EXERCISE DIRECTIONS
Return an exact copy of the lines from the one holding "Used Haval H6" to the end of the data, including both the starting and final lines. Leave the pictures out.

#### GIVEN ENTRIES

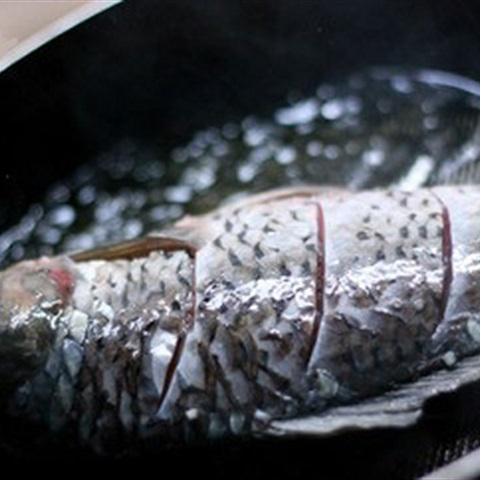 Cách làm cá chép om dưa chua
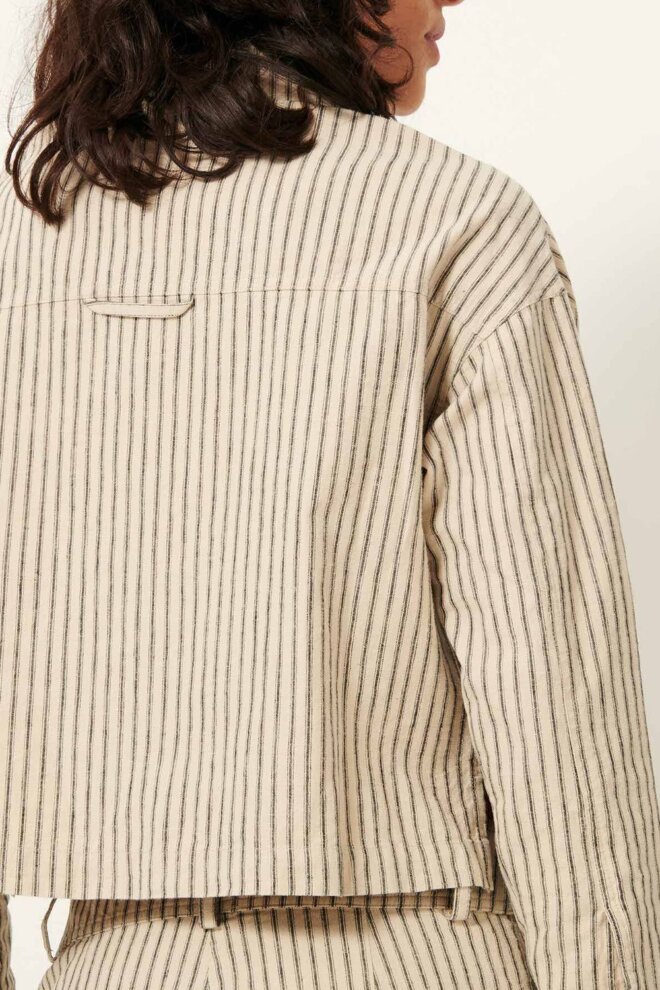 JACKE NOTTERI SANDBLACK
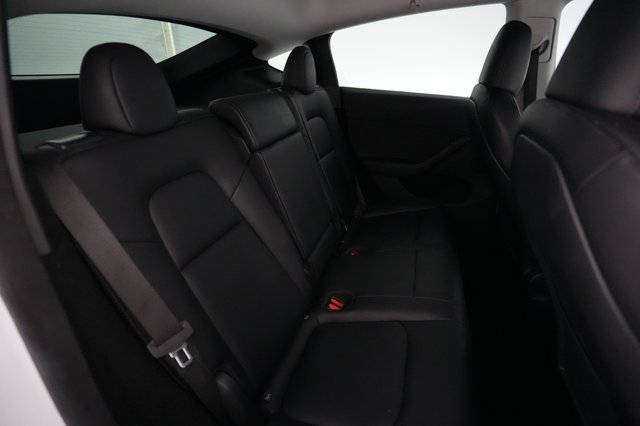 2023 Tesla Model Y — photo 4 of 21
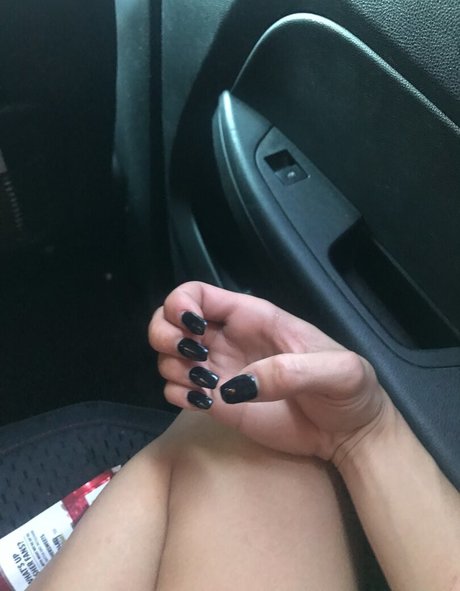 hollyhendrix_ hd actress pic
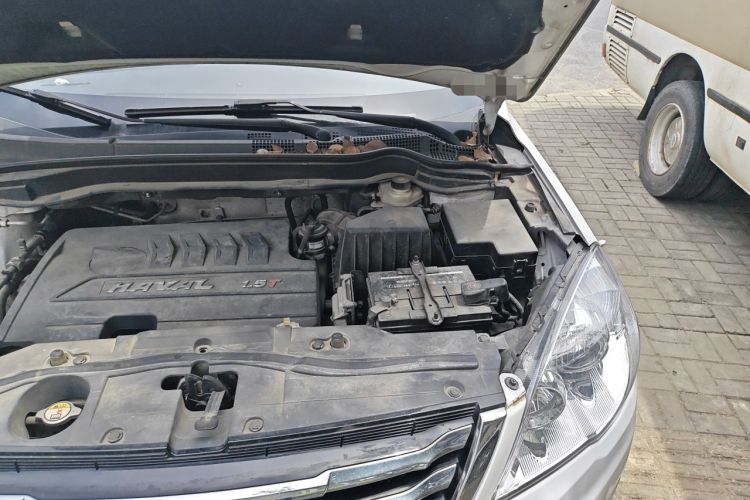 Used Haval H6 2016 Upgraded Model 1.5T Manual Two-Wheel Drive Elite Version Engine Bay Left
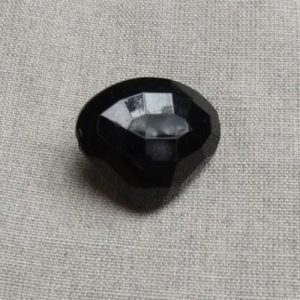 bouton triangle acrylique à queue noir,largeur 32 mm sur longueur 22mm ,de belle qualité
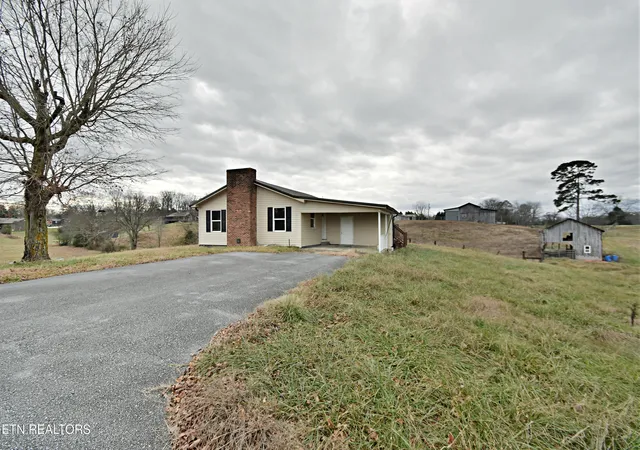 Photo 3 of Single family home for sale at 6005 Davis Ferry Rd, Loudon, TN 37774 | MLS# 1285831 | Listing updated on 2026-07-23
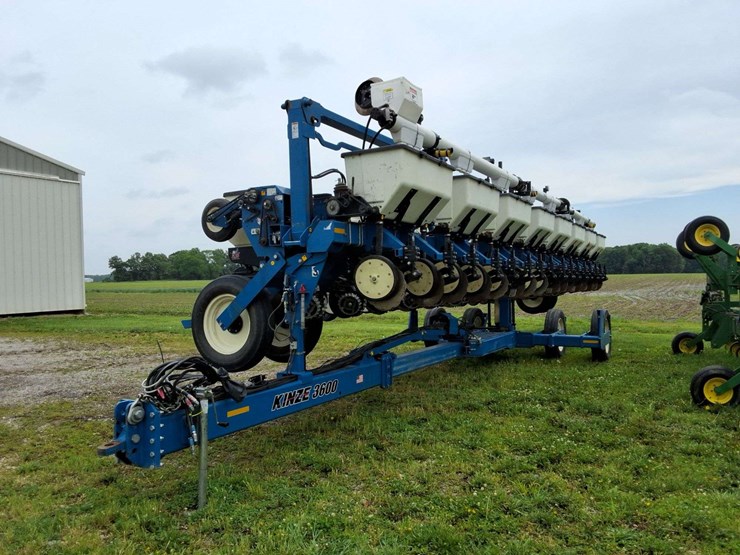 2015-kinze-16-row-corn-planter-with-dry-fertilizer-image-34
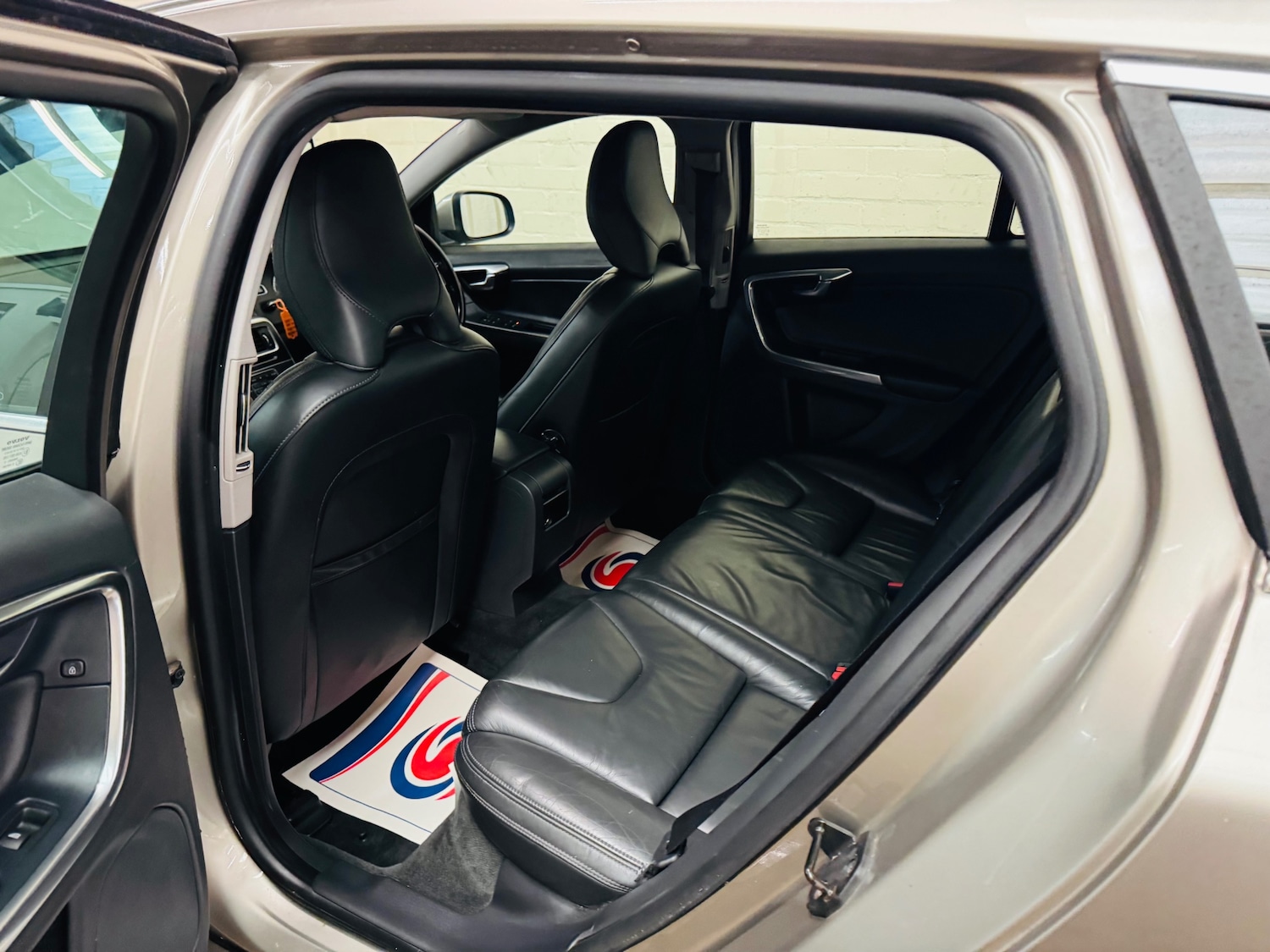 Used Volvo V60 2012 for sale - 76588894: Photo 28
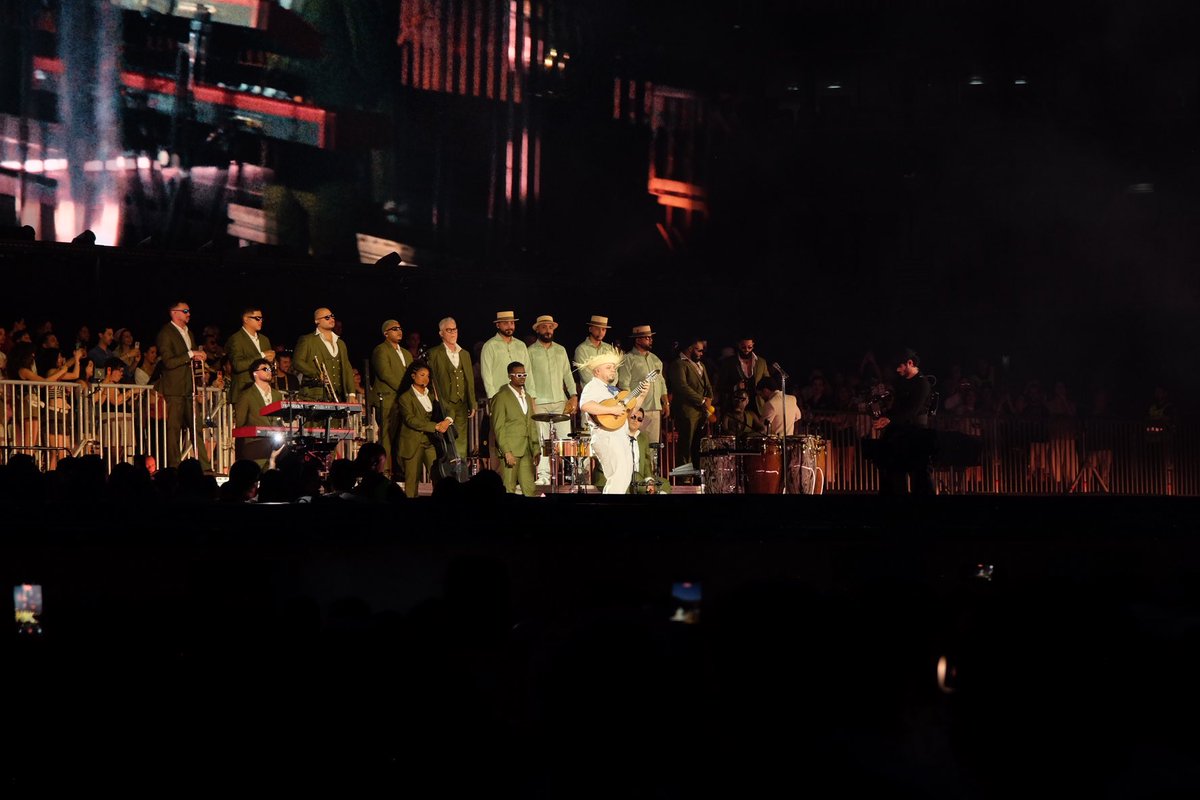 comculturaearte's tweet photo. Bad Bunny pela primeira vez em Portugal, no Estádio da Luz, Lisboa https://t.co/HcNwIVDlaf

########

FINAL ANSWER
 Used Haval H6 2016 Upgraded Model 1.5T Manual Two-Wheel Drive Elite Version Engine Bay Left
 bouton triangle acrylique à queue noir,largeur 32 mm sur longueur 22mm ,de belle qualité
 Photo 3 of Single family home for sale at 6005 Davis Ferry Rd, Loudon, TN 37774 | MLS# 1285831 | Listing updated on 2026-07-23
 2015-kinze-16-row-corn-planter-with-dry-fertilizer-image-34
 Used Volvo V60 2012 for sale - 76588894: Photo 28
 comculturaearte's tweet photo. Bad Bunny pela primeira vez em Portugal, no Estádio da Luz, Lisboa https://t.co/HcNwIVDlaf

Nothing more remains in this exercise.